Mountaineer Gas will be in the Morgan County Courthouse in Berkeley Springs this Friday June 30 at 9 am in an effort to forcibly take parts of the Kesecker family farm by eminent domain for a controversial gas pipeline.
The proposed pipeline will run from the Potomac River near Lover’s Leap in north Morgan County, West Virginia to Martinsburg along the north side of Route 9 and will cut through the middle of the Kesecker farm, which sits along Route 9 between Berkeley Springs and Hedgesville.
On June 16, more than 20 people, including members of the Kesecker family, who have refused to give up their property for the pipeline, met at the Spohrs Community Center with an eminent domain attorney, Chip Lollar of the Lollar Law Firm.
Lollar is representing the Keseckers in the eminent domain action.
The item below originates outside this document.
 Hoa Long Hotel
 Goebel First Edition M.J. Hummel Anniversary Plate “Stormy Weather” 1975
Mountaineer Gas is being represented by Christopher Robertson of Jackson Kelly in Martinsburg, West Virginia.
Tracy Cannon of Eastern Panhandle Protectors organized the meeting between the holdouts and Lollar.
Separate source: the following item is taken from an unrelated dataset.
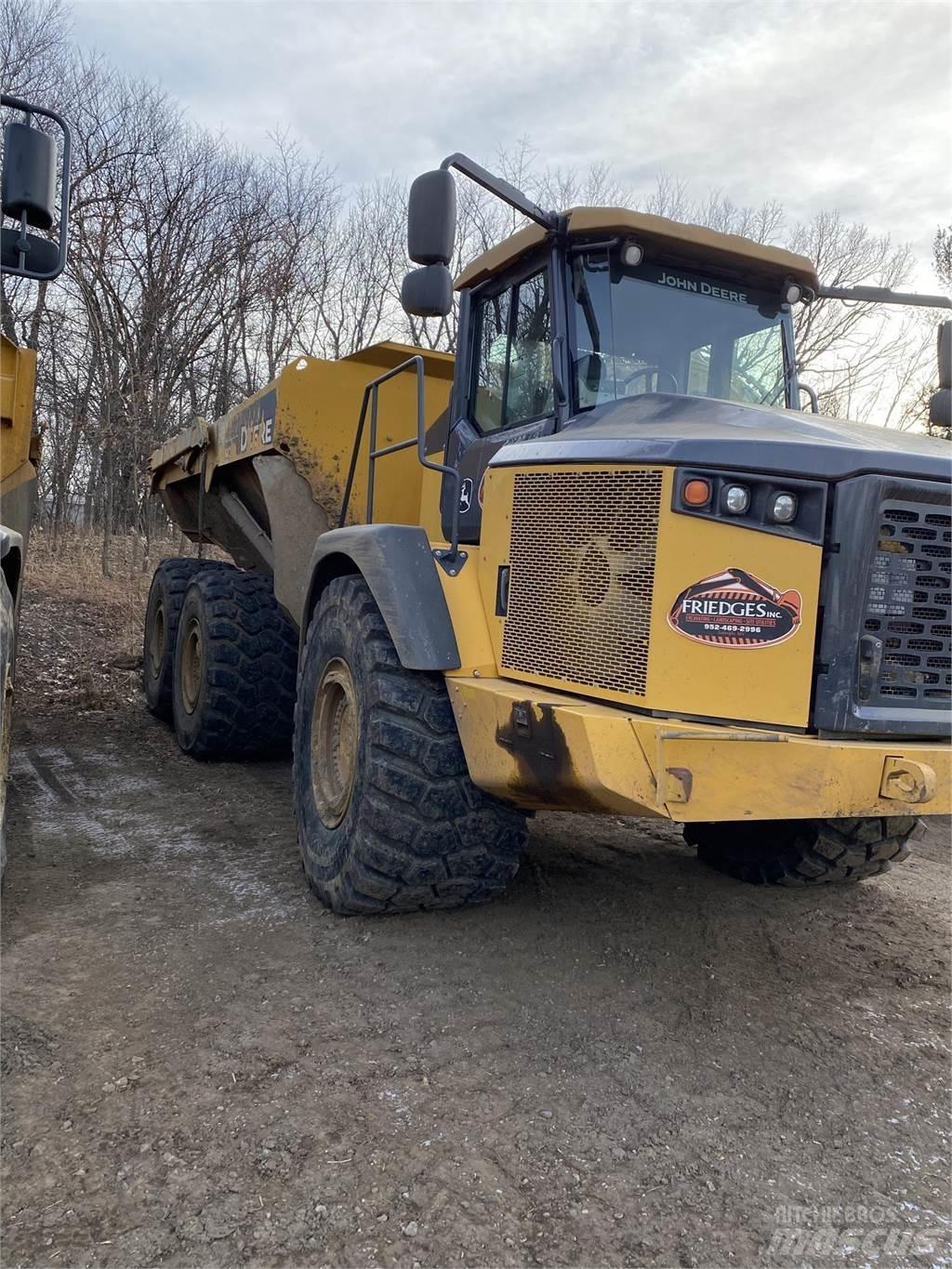 John Deere 410E Rammestyrte Dumpere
“We organized this meeting because Mountaineer Gas is trying to take land using eminent domain from friends of ours to use for this pipeline,” Cannon said. “It’s a sad day in this country when you have to get your friends a lawyer to protect them from having their property taken by a big corporation and the government.”
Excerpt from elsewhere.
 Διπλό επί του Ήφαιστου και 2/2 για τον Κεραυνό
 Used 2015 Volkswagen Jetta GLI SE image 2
In the eminent domain lawsuit filed against the Keseckers, Mountaineer Gas says that it was unable to come to an agreement with the Keseckers on an amount of compensation for the rights of way through their property.
Cannon urged those opposed to the pipeline to attend the initial courtroom hearing to show their support for the Keseckers at the Morgan County Courthouse on Friday June 30 at 9 am.